Read: A 36-Hospital Time and Motion Study: How Do Medical-Surgical Nurses Spend Their Time?
Transportation is, indeed, a barrier to good health care. Affordable access to a vehicle is consistently associated with increased access to medical care, according to a study. Around 3.6 million Americans miss doctor’s appointments or delay medical care due to a lack of transportation every year, according to the National Conference of State Legislatures.
How can we increase access to healthcare?
Read: Uber Launches Service To Get People To The Doctor’s Office
Drivers spend a lot of time looking for parking, which in turn cause congestion. In a survey conducted by Bruce Schaller in the SoHo district in Manhattan, 28 percent of drivers interviewed while they were stopped at traffic lights said they were searching for curb parking. A similar study conducted by Transportation Alternatives in the Park Slope neighborhood in Brooklyn found that 45 percent of drivers were cruising.
How can we decrease congestion caused by parking search?
Read: Gone Parkin’
Student loan debt in the United States has more than doubled over the past decade to about $1.5 trillion, and the Federal Reserve now estimates that it is cutting into millennials’ ability to buy homes.
How can we decrease the cost of higher education?
Read: Heavy Student Loan Debt Forces Many Millennials To Delay Buying Homes
Overall, just 57% of college students obtain a degree after six years. At four-year for-profit colleges, the typical completion rate is 35%. The situation is little better at public (two-year) community colleges, where the completion rate is just 38%.
How can we increase completion rates?
Read: College Completion Rates Are Still Disappointing
Close to 74 percent of undergrads are not “traditional” students. More than 2 out of 3 college students today are not coming straight out of high school. Half are financially independent from their parents, and 1 in 4 are parents themselves. Yet, we have not changed our traditional college model.
How can we optimize the higher ed model?
Read: What Adult Learners Really Need (Hint: It’s Not Just Job Skills)
In November 2018, the U.S. Bureau of Labor Statistics reported that there were more than 3 million fatal and nonfatal workplace injuries and illnesses reported by private industry employers. Malfunction and Ongoing maintenance of machinery and equipment represents a common cause for such injuries.

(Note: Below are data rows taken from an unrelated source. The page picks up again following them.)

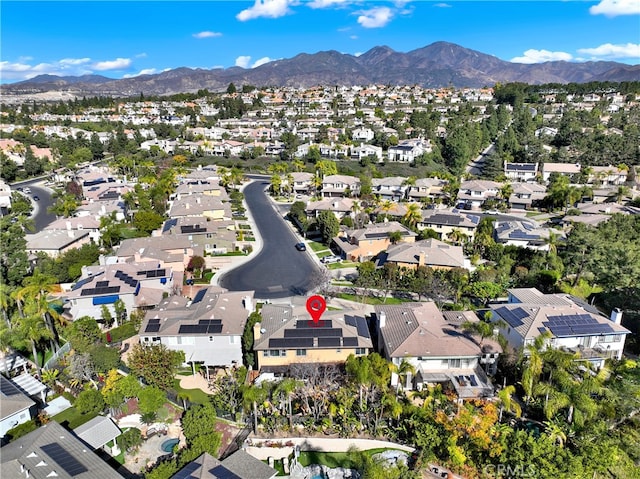 birds eye view of property featuring a residential view and a mountain view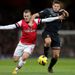 Jack Wilshere and Steven Gerrard battle for possession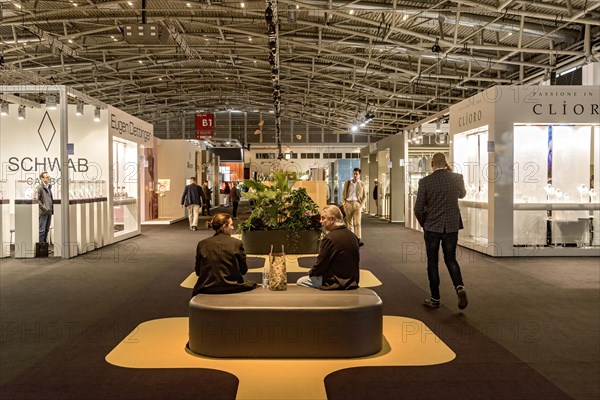 Walkway in exhibition hall with visitors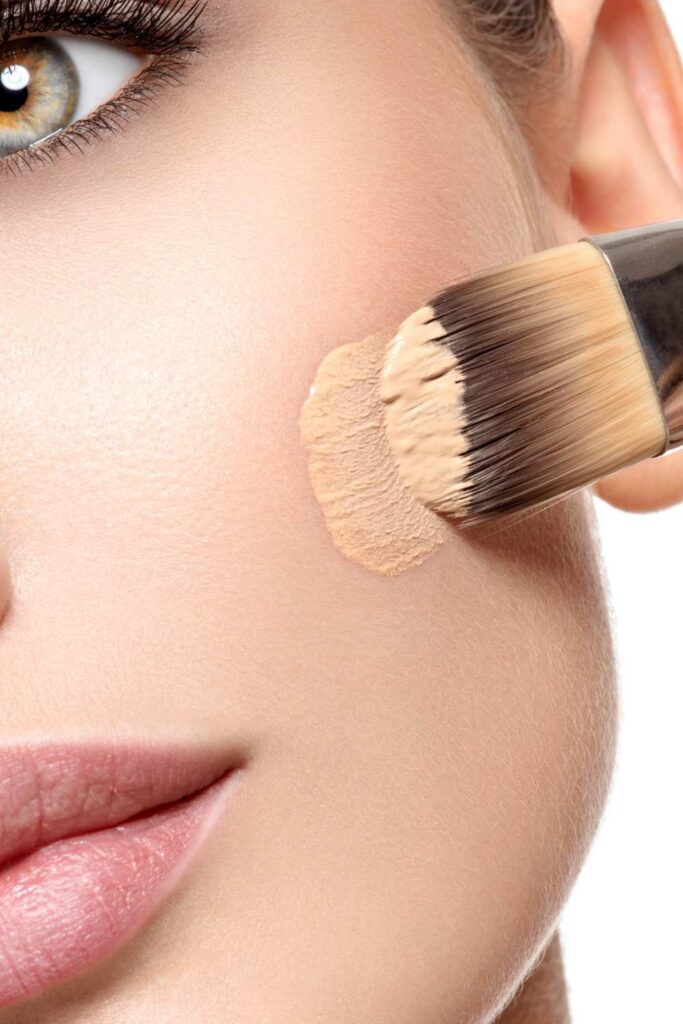 matching a foundation on a lady's face.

How can we decrease workplace injuries?
Read: National Census of Fatal Occupational Injuries in 2017
As e-commerce continues to rise, the warehouse industry is expected to employ nearly 4.8 million people by 2024. Large warehouses, including Amazon, are quickly employing robots to automate the shipping and packing process. At the same time, Amazon hires more than 125,000 hourly warehouse workers. Many of those workers interviewed do not believe that their jobs could be automated, but augmented by robots.
How can robots work side by side with warehouse workers, rather than replace, workers?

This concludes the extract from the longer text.